For this purpose, the octagonal bin 8 is positioned next to the component pick up unit 7 under the open end 11 of the suction conveyor 12. The suction conveyor 12 is connected at its opposite end 13 to the pneumatic conveyor tube 6 so that the components in the octagonal bin can be lifted by the flow of air provided by the blower 1 .

In this embodiment the suction conveyor 12 have a upstream conveyor tube 14 telescopically connected to an downstream conveyor tube 15 so that the length of the suction conveyor tube 12 can be changed in order to reach different levels of components present in the octagonal bin 8. In order to avoid bridging of components in the octagonal bin 8 or in order to reduce the necessary air speed for lifting the components from the octagonal bin 8 the downstream conveyor tube 15 is suspended from the supporting structure of the component pick up unit 7 via a universal joint bracket 16. This provides that the suction conveyor 12 can swing about two substantially orthogonal axes 17, 18, so that the open end 11 of the suction conveyor 12 can sweep over and in a safe distance above the components in the octagonal bin 8.

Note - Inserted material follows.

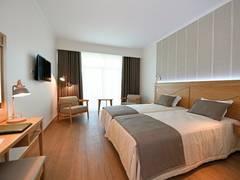Zimmerbild 2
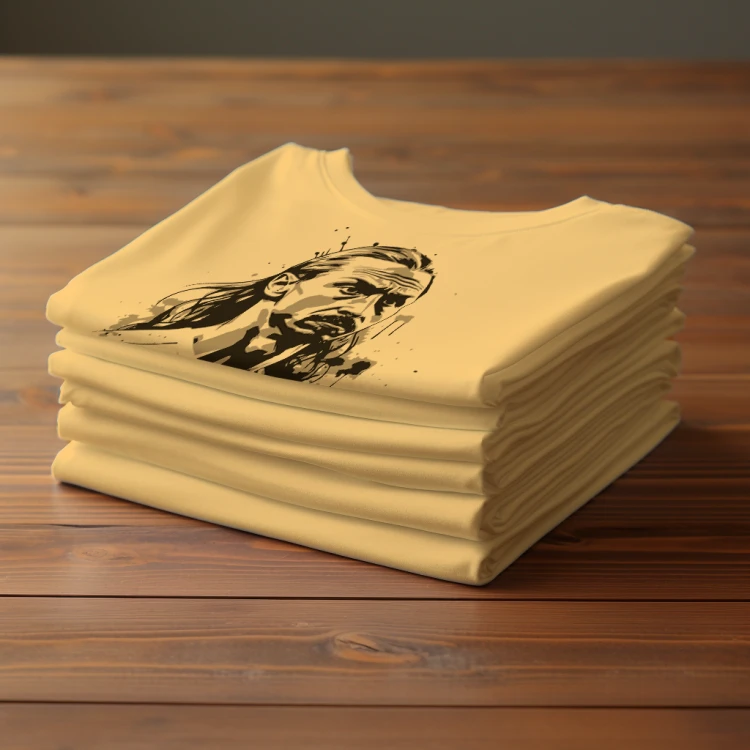 FOLDED.png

According to the principle of the invention, the component pick up unit 7 comprises a suction conveyor tube 19 and a second suction tube 20 having an opening inside the suction conveyor tube 19. In the embodiment shown in figure 2 the suction conveyor tube 19 and the second suction tube 20 are established using two concentric tubes with the suction conveyor tube 19 arranged inside the second suction tube 20. A grating 21 is made in the wall of the suction conveyor tube 19 forming the opening into the second suction tube 20.

As both the suction conveyor tube 19 and the second suction tube 20 are connected to a suction blower 1 , then the flow of air 22 that is necessary for lifting components out of the bin 8 is divided into two air streams 23, 24 as shown in figure 2.

Only one of the air streams 23 further conveys the components to the pneumatic conveyor tube 6 as shown in figure 1 . The speed of this air stream 23 is therefore significantly reduced with respect to the air stream 22 necessary for lifting the components out of the bin 8, and thereby the components are conveyed through the pneumatic conveyor tube at a relatively reduced speed. Figure 3 illustrates the working principle of the embodiment of the invention as shown in figure 1 . Here the open end 11 of the suction conveyor 12 is caused first to sweep in substantial horizontal directions along the path 25 and then to move downwards along the line 26 hereafter it is again caused to sweep in horizontal directions along the path 25’. This working principle may be used with any type of component pick up unit and it is established in this embodiment by the bracket 16 and the telescopically suction conveyor 12, and a number of actuators that are not shown in the drawings for clarity reasons.